All of the records below are to be given again word for word, with the pictures removed.

━━ DATA FOR THIS TASK ━━

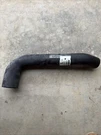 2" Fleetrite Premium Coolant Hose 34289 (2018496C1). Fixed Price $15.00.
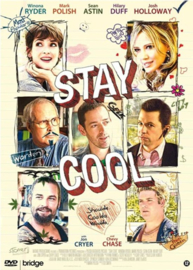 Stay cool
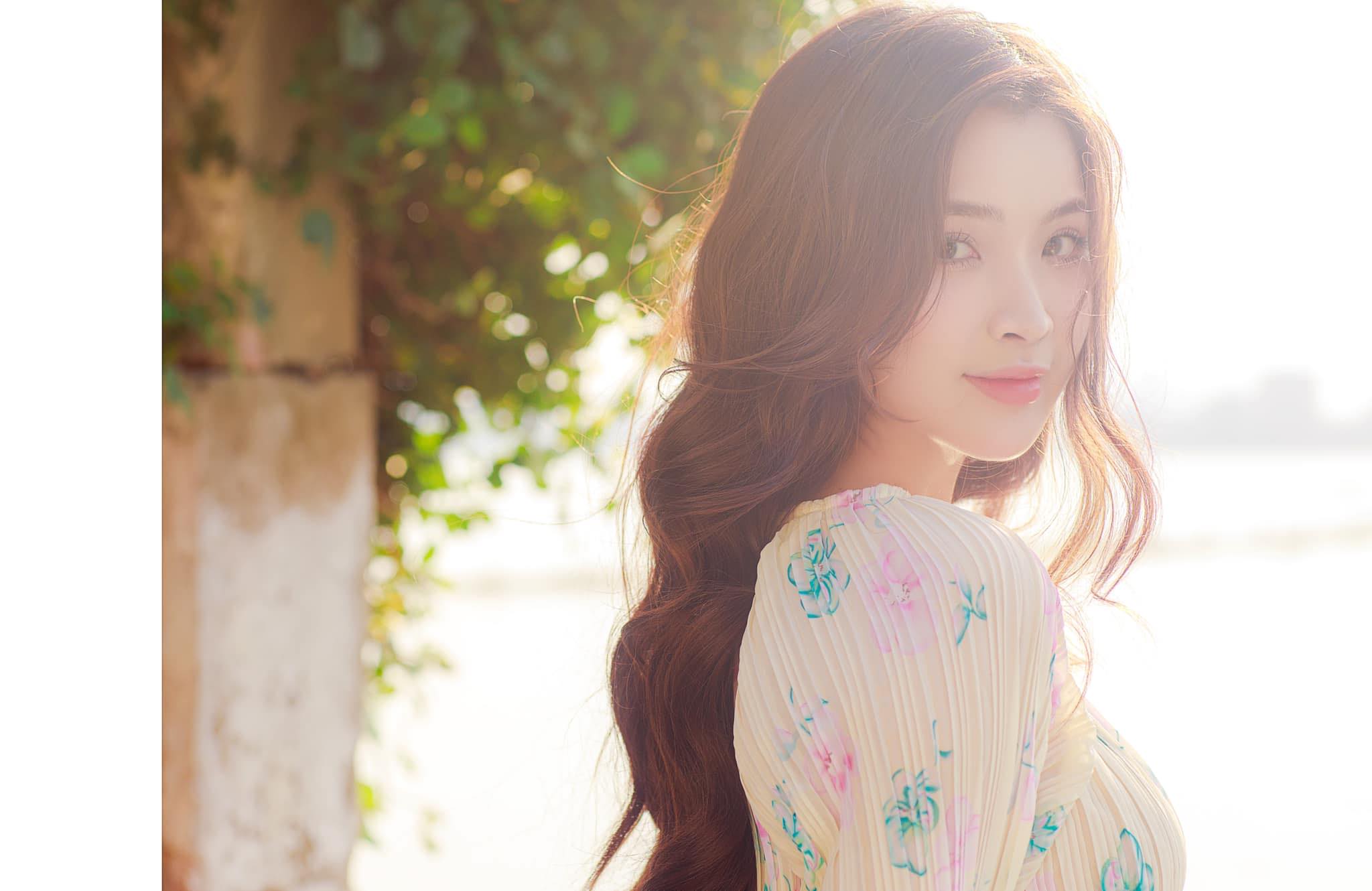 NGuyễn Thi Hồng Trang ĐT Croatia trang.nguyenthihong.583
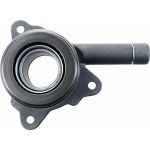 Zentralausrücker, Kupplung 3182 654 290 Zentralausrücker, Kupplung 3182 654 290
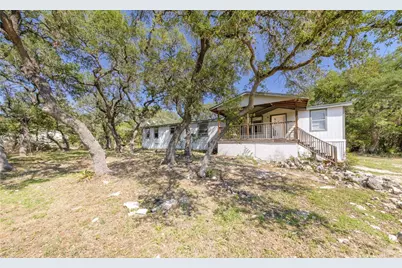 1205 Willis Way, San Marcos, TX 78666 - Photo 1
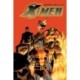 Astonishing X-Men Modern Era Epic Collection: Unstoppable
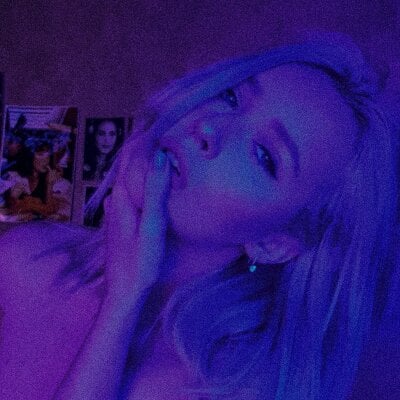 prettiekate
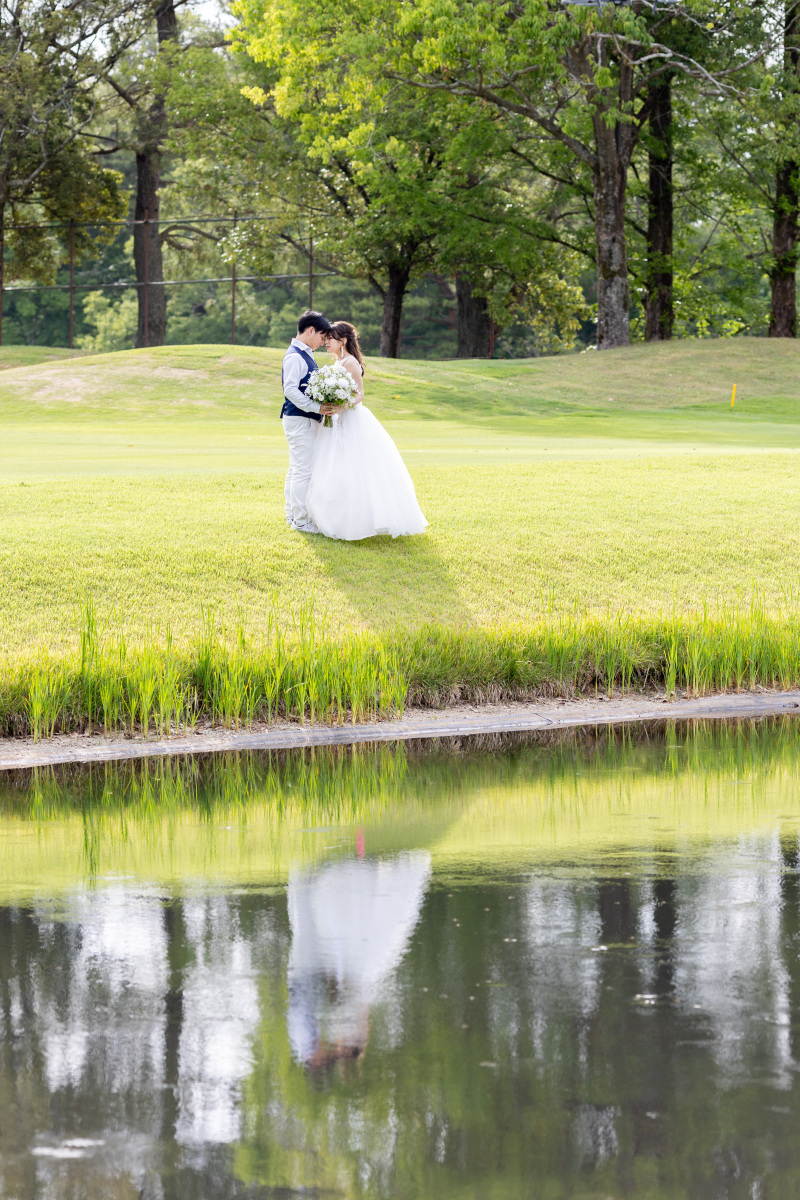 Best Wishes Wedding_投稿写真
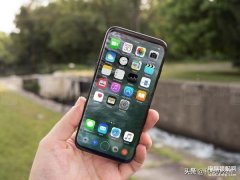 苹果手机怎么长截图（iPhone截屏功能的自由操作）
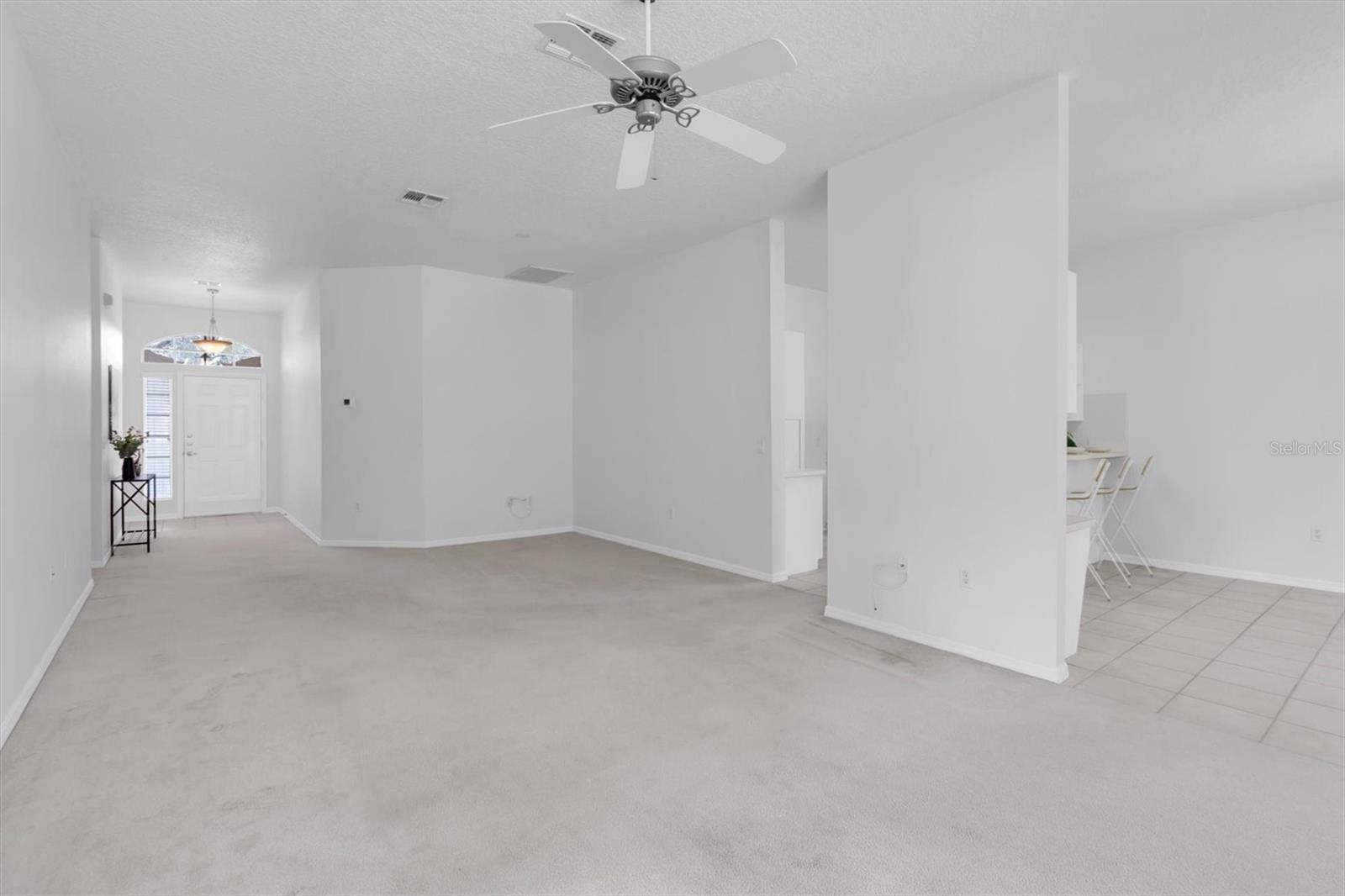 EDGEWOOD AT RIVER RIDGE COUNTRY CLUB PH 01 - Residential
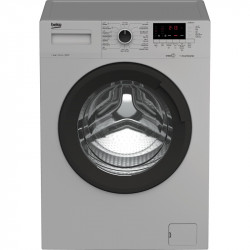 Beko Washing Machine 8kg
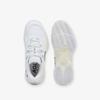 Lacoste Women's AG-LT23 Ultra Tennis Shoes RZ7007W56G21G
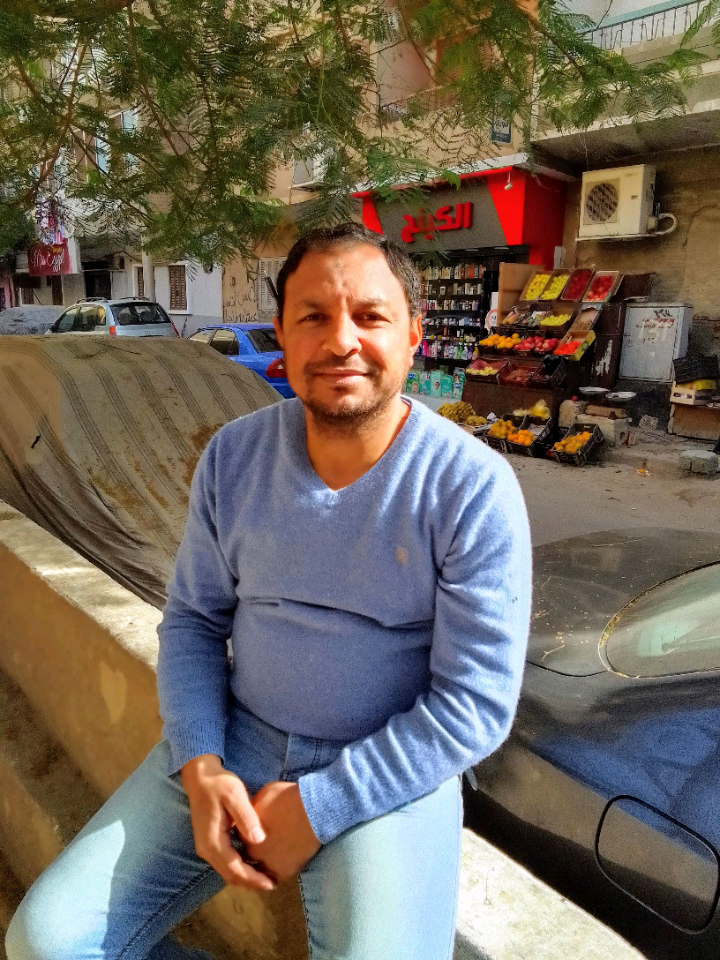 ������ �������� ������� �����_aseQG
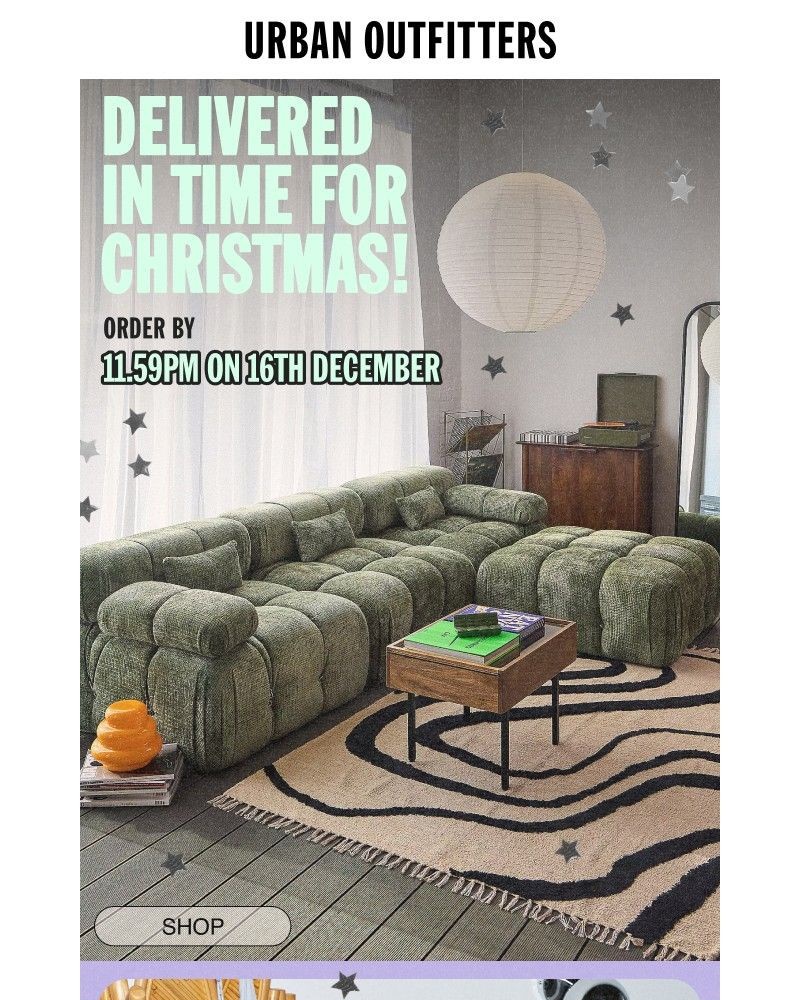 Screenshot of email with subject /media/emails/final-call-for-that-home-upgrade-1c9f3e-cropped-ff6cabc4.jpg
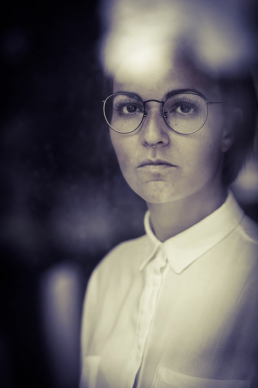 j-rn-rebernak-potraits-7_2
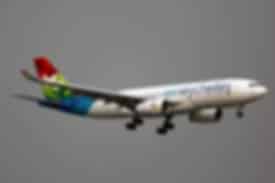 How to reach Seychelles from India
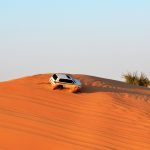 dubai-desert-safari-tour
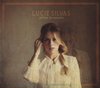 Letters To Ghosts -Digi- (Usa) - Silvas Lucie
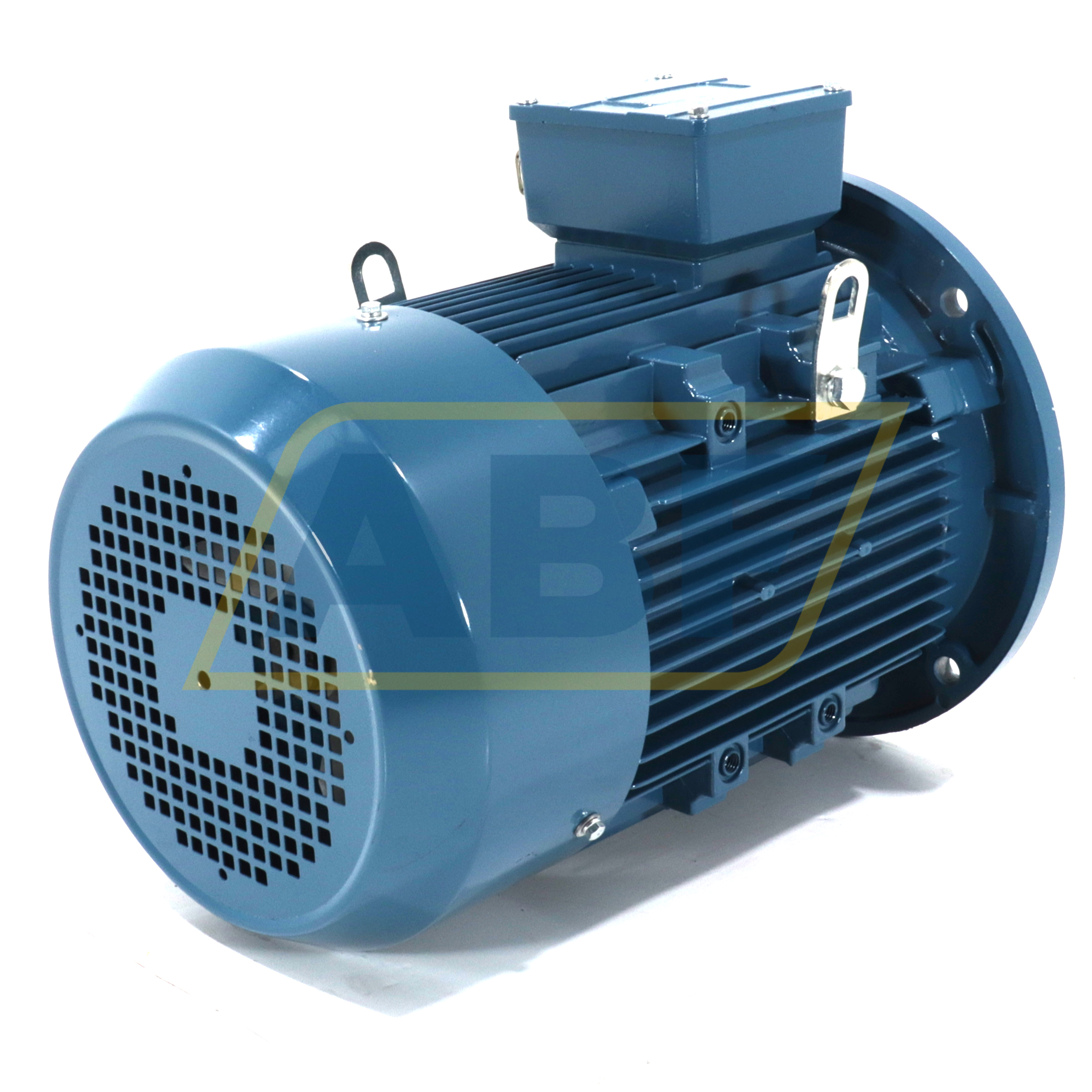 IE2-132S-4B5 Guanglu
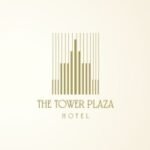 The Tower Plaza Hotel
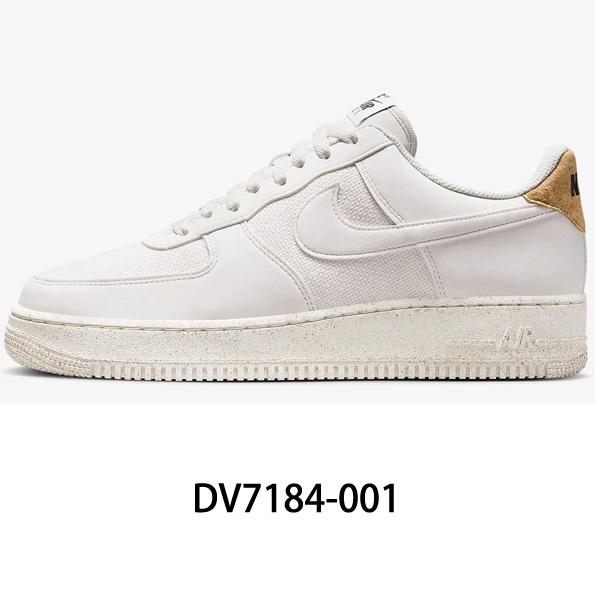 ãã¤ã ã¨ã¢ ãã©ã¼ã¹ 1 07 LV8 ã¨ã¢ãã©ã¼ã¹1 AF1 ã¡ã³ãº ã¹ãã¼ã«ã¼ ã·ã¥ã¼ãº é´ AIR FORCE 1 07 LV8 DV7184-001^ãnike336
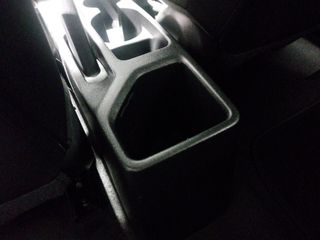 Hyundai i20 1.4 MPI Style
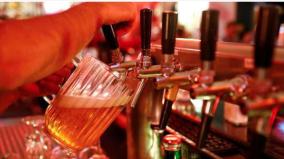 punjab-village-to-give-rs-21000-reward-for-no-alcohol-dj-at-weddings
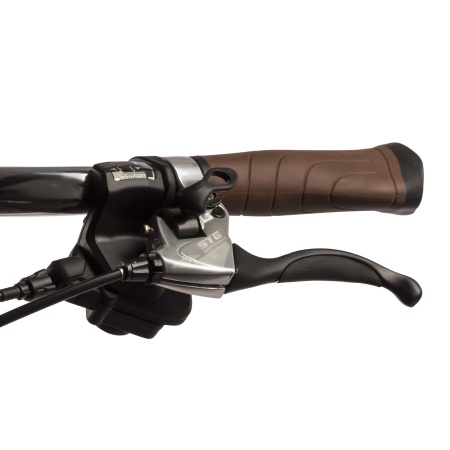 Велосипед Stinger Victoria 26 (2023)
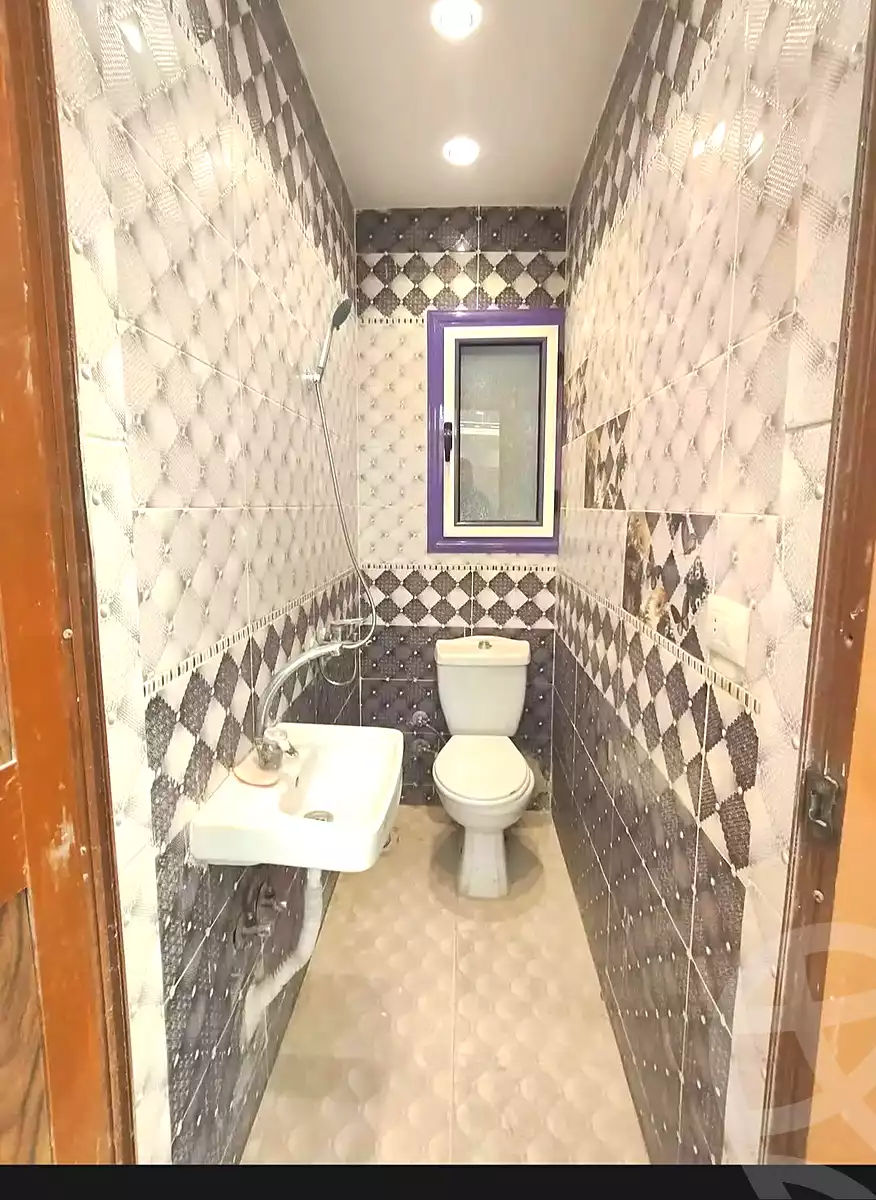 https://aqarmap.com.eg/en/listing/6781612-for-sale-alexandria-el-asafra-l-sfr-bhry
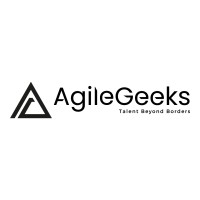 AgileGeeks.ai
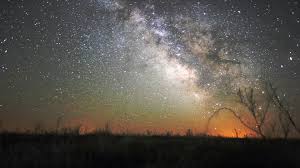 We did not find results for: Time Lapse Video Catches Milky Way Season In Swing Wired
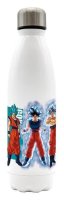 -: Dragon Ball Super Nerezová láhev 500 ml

━━━

• _TASK ANSWER_
 2" Fleetrite Premium Coolant Hose 34289 (2018496C1). Fixed Price $15.00.
 Stay cool
 NGuyễn Thi Hồng Trang ĐT Croatia trang.nguyenthihong.583
 Zentralausrücker, Kupplung 3182 654 290 Zentralausrücker, Kupplung 3182 654 290
 1205 Willis Way, San Marcos, TX 78666 - Photo 1
 Astonishing X-Men Modern Era Epic Collection: Unstoppable
 prettiekate
 Best Wishes Wedding_投稿写真
 苹果手机怎么长截图（iPhone截屏功能的自由操作）
 EDGEWOOD AT RIVER RIDGE COUNTRY CLUB PH 01 - Residential
 Beko Washing Machine 8kg
 Lacoste Women's AG-LT23 Ultra Tennis Shoes RZ7007W56G21G
 ������ �������� ������� �����_aseQG
 Screenshot of email with subject /media/emails/final-call-for-that-home-upgrade-1c9f3e-cropped-ff6cabc4.jpg
 j-rn-rebernak-potraits-7_2
 How to reach Seychelles from India
 dubai-desert-safari-tour
 Letters To Ghosts -Digi- (Usa) - Silvas Lucie
 IE2-132S-4B5 Guanglu
 The Tower Plaza Hotel
 ãã¤ã ã¨ã¢ ãã©ã¼ã¹ 1 07 LV8 ã¨ã¢ãã©ã¼ã¹1 AF1 ã¡ã³ãº ã¹ãã¼ã«ã¼ ã·ã¥ã¼ãº é´ AIR FORCE 1 07 LV8 DV7184-001^ãnike336
 Hyundai i20 1.4 MPI Style
 punjab-village-to-give-rs-21000-reward-for-no-alcohol-dj-at-weddings
 Велосипед Stinger Victoria 26 (2023)
 https://aqarmap.com.eg/en/listing/6781612-for-sale-alexandria-el-asafra-l-sfr-bhry
 AgileGeeks.ai
 We did not find results for: Time Lapse Video Catches Milky Way Season In Swing Wired
 -: Dragon Ball Super Nerezová láhev 500 ml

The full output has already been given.